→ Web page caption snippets

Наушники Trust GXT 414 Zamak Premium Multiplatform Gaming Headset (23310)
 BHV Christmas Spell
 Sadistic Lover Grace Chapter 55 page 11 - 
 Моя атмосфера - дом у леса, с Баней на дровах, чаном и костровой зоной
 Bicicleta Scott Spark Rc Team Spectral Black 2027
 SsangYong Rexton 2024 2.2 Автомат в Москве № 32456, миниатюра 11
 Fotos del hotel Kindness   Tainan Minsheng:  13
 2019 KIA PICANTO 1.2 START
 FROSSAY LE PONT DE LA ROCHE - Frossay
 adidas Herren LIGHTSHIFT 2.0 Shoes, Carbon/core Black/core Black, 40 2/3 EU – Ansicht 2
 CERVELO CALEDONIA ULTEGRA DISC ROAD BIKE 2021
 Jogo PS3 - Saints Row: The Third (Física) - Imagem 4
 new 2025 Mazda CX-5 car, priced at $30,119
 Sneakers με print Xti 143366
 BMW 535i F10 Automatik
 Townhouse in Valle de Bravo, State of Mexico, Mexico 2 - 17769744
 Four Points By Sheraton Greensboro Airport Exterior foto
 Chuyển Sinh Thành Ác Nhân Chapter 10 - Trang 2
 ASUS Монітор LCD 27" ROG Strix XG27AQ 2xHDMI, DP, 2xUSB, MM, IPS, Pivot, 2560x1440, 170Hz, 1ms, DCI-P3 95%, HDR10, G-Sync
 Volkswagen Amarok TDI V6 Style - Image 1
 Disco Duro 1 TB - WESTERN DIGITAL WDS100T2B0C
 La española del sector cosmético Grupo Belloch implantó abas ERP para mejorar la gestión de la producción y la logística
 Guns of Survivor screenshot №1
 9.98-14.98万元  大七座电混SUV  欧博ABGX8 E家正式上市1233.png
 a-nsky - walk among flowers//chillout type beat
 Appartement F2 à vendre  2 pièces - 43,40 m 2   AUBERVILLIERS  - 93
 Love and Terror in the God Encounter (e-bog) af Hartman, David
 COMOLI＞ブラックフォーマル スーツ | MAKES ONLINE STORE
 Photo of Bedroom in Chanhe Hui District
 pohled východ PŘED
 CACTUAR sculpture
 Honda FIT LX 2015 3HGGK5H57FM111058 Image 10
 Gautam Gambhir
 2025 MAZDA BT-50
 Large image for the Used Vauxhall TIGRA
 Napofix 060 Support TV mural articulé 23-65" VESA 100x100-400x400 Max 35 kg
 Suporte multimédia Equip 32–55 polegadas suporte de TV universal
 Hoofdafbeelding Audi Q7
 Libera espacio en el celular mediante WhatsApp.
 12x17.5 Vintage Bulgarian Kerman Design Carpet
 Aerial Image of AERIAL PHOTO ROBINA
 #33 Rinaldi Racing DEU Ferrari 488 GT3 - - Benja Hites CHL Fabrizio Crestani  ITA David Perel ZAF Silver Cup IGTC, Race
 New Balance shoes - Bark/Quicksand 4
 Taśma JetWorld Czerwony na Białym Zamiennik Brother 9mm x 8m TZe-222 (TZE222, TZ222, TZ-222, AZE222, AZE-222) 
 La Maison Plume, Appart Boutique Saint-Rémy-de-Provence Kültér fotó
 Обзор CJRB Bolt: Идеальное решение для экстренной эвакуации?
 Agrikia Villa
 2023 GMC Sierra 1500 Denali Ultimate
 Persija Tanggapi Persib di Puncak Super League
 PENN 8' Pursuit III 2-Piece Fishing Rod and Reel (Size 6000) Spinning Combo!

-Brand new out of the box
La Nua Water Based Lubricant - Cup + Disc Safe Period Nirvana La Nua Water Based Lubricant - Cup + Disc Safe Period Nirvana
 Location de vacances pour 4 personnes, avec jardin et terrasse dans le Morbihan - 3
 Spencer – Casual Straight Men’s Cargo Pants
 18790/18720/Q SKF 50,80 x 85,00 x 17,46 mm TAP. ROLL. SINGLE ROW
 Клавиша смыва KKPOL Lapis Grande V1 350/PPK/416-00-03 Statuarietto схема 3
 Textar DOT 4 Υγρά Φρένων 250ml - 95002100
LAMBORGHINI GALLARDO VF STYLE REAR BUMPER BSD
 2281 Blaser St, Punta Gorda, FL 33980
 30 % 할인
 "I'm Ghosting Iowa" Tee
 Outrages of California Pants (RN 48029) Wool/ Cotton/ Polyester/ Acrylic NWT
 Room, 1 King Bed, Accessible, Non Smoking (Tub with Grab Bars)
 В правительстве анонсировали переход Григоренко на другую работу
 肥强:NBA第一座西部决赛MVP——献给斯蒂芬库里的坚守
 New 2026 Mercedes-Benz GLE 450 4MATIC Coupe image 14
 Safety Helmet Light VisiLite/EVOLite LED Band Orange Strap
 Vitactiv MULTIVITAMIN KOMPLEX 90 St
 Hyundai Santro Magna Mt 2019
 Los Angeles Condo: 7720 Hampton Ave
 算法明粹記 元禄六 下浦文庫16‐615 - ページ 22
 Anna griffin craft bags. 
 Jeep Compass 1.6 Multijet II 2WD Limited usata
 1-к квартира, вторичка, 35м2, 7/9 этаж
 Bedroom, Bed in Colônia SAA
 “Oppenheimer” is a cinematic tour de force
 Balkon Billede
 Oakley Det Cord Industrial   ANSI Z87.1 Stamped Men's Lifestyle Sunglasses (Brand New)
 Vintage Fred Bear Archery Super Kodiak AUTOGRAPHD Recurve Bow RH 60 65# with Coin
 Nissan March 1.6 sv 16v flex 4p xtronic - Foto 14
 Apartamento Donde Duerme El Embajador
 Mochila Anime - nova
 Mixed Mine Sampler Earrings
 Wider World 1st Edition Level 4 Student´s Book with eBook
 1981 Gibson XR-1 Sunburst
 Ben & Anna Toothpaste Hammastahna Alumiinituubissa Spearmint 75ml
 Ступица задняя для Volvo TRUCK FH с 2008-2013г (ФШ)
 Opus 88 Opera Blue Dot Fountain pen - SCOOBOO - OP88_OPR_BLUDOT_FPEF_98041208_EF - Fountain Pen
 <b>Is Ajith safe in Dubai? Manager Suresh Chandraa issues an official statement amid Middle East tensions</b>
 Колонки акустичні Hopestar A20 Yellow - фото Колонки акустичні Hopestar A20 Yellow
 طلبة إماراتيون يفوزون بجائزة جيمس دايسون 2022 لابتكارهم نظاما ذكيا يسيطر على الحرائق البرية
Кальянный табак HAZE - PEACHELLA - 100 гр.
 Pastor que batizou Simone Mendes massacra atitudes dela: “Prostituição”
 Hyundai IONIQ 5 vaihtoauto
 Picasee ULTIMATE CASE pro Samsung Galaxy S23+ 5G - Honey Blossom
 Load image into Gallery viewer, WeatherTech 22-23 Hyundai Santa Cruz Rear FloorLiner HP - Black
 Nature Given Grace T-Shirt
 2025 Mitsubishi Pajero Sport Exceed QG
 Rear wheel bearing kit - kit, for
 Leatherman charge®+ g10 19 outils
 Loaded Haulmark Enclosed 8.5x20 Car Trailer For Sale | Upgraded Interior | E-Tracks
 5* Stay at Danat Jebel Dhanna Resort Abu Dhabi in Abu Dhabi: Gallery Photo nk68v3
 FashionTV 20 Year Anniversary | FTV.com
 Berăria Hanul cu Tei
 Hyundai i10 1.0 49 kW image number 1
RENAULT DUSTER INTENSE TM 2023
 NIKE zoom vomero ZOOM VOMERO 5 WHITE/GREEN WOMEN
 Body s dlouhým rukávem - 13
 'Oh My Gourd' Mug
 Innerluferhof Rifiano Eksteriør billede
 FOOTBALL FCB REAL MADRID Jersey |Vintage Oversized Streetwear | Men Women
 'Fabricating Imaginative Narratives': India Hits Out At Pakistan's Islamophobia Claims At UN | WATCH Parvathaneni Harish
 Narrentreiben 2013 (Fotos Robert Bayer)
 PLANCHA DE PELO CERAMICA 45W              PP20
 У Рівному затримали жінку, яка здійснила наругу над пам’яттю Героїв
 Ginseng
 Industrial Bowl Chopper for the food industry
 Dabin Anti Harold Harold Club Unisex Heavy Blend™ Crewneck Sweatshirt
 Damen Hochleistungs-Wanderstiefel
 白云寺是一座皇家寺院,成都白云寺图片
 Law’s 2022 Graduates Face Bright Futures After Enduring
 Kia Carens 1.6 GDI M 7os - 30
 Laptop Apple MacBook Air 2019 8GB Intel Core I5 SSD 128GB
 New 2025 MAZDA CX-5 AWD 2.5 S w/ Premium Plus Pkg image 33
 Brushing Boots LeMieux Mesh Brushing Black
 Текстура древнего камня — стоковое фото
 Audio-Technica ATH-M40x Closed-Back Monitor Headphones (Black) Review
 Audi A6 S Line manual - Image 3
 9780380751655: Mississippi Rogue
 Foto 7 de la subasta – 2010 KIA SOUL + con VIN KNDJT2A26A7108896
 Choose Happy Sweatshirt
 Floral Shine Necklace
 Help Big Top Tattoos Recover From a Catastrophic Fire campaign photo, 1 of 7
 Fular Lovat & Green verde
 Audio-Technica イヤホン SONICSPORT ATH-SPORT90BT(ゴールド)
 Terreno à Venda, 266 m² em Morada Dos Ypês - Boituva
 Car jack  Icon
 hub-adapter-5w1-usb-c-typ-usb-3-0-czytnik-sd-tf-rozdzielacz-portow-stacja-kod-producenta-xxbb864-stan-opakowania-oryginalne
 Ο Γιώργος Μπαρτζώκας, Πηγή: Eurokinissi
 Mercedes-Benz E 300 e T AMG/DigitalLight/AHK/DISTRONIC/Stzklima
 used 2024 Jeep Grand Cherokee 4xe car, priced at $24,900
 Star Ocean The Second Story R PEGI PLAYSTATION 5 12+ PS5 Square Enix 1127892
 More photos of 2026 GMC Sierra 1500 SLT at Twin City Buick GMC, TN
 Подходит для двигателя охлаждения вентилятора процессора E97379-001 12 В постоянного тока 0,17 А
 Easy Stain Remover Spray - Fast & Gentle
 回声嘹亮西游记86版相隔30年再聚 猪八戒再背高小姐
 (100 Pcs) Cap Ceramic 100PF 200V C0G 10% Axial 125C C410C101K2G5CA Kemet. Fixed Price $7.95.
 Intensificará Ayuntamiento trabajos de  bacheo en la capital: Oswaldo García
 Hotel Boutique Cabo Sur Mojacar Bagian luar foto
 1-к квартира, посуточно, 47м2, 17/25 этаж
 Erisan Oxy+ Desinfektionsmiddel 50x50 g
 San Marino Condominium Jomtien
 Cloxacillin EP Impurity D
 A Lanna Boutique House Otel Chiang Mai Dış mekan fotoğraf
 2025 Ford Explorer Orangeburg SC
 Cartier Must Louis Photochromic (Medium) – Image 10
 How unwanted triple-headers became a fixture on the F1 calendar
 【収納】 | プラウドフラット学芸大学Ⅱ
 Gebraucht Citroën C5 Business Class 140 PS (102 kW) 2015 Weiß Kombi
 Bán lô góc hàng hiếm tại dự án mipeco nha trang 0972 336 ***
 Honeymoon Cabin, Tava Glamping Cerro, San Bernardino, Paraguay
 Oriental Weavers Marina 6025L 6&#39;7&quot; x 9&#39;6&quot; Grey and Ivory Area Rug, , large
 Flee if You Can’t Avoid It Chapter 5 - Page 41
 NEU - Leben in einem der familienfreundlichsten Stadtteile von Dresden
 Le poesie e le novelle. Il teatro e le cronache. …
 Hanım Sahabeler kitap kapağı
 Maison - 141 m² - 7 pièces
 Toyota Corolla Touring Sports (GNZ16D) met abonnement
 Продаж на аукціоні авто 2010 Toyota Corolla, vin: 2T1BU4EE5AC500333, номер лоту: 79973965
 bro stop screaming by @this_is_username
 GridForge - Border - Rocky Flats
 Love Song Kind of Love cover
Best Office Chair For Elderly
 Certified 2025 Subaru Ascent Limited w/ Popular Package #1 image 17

→ EXERCISE BRIEF
After locating the line with "18790/18720/Q SKF 50,80" above, return that line and every later line through the one with "Room, 1 King", word for word and with nothing else.

→ EXERCISE SOLUTION
 18790/18720/Q SKF 50,80 x 85,00 x 17,46 mm TAP. ROLL. SINGLE ROW
 Клавиша смыва KKPOL Lapis Grande V1 350/PPK/416-00-03 Statuarietto схема 3
 Textar DOT 4 Υγρά Φρένων 250ml - 95002100
LAMBORGHINI GALLARDO VF STYLE REAR BUMPER BSD
 2281 Blaser St, Punta Gorda, FL 33980
 30 % 할인
 "I'm Ghosting Iowa" Tee
 Outrages of California Pants (RN 48029) Wool/ Cotton/ Polyester/ Acrylic NWT
 Room, 1 King Bed, Accessible, Non Smoking (Tub with Grab Bars)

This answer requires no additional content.